**Dataset entries**
+ + +

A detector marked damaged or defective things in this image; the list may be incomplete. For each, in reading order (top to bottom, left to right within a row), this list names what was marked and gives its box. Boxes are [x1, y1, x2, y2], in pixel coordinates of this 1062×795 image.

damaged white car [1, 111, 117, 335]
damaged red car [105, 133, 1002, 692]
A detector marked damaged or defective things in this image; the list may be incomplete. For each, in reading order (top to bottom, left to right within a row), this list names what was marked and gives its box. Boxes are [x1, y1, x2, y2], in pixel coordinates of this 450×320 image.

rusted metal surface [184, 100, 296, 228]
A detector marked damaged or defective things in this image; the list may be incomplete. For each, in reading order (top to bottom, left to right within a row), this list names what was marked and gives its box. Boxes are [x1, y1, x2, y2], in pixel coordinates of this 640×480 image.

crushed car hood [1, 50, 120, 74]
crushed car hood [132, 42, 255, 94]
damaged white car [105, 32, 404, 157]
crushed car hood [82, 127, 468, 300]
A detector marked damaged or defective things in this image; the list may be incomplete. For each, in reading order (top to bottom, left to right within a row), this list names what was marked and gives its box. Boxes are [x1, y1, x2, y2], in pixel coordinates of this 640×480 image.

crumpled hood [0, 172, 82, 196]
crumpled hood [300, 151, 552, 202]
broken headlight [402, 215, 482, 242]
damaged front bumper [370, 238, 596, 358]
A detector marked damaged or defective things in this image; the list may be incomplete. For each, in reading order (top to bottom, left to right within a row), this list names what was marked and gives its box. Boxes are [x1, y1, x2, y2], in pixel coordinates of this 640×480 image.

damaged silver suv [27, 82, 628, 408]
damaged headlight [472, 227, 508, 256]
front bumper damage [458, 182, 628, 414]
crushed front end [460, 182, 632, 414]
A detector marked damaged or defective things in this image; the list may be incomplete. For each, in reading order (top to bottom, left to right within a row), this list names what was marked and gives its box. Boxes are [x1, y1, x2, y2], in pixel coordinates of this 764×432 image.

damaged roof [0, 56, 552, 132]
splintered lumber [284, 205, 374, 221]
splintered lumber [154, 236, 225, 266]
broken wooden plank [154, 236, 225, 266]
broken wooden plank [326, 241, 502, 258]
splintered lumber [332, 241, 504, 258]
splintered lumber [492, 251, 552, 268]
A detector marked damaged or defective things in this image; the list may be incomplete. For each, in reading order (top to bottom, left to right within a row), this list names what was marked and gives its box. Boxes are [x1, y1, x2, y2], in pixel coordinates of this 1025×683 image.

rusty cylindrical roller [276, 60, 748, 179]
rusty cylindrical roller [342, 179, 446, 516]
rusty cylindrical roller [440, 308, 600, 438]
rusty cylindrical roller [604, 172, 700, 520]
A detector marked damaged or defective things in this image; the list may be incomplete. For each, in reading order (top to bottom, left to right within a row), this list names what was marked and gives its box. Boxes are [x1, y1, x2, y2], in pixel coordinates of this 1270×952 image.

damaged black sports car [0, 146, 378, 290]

+ + +

**To do**
Would you restate each of the entries word for word?

**Task output**
A detector marked damaged or defective things in this image; the list may be incomplete. For each, in reading order (top to bottom, left to right within a row), this list names what was marked and gives its box. Boxes are [x1, y1, x2, y2], in pixel coordinates of this 1062×795 image.

damaged white car [1, 111, 117, 335]
damaged red car [105, 133, 1002, 692]
A detector marked damaged or defective things in this image; the list may be incomplete. For each, in reading order (top to bottom, left to right within a row), this list names what was marked and gives its box. Boxes are [x1, y1, x2, y2], in pixel coordinates of this 450×320 image.

rusted metal surface [184, 100, 296, 228]
A detector marked damaged or defective things in this image; the list may be incomplete. For each, in reading order (top to bottom, left to right within a row), this list names what was marked and gives its box. Boxes are [x1, y1, x2, y2], in pixel coordinates of this 640×480 image.

crushed car hood [1, 50, 120, 74]
crushed car hood [132, 42, 255, 94]
damaged white car [105, 32, 404, 157]
crushed car hood [82, 127, 468, 300]
A detector marked damaged or defective things in this image; the list may be incomplete. For each, in reading order (top to bottom, left to right within a row), this list names what was marked and gives its box. Boxes are [x1, y1, x2, y2], in pixel coordinates of this 640×480 image.

crumpled hood [0, 172, 82, 196]
crumpled hood [300, 151, 552, 202]
broken headlight [402, 215, 482, 242]
damaged front bumper [370, 238, 596, 358]
A detector marked damaged or defective things in this image; the list may be incomplete. For each, in reading order (top to bottom, left to right within a row), this list names what was marked and gives its box. Boxes are [x1, y1, x2, y2], in pixel coordinates of this 640×480 image.

damaged silver suv [27, 82, 628, 408]
damaged headlight [472, 227, 508, 256]
front bumper damage [458, 182, 628, 414]
crushed front end [460, 182, 632, 414]
A detector marked damaged or defective things in this image; the list may be incomplete. For each, in reading order (top to bottom, left to right within a row), this list names what was marked and gives its box. Boxes are [x1, y1, x2, y2], in pixel coordinates of this 764×432 image.

damaged roof [0, 56, 552, 132]
splintered lumber [284, 205, 374, 221]
splintered lumber [154, 236, 225, 266]
broken wooden plank [154, 236, 225, 266]
broken wooden plank [326, 241, 502, 258]
splintered lumber [332, 241, 504, 258]
splintered lumber [492, 251, 552, 268]
A detector marked damaged or defective things in this image; the list may be incomplete. For each, in reading order (top to bottom, left to right within a row), this list names what was marked and gives its box. Boxes are [x1, y1, x2, y2], in pixel coordinates of this 1025×683 image.

rusty cylindrical roller [276, 60, 748, 179]
rusty cylindrical roller [342, 179, 446, 516]
rusty cylindrical roller [440, 308, 600, 438]
rusty cylindrical roller [604, 172, 700, 520]
A detector marked damaged or defective things in this image; the list may be incomplete. For each, in reading order (top to bottom, left to right within a row), this list names what was marked and gives its box. Boxes are [x1, y1, x2, y2], in pixel coordinates of this 1270×952 image.

damaged black sports car [0, 146, 378, 290]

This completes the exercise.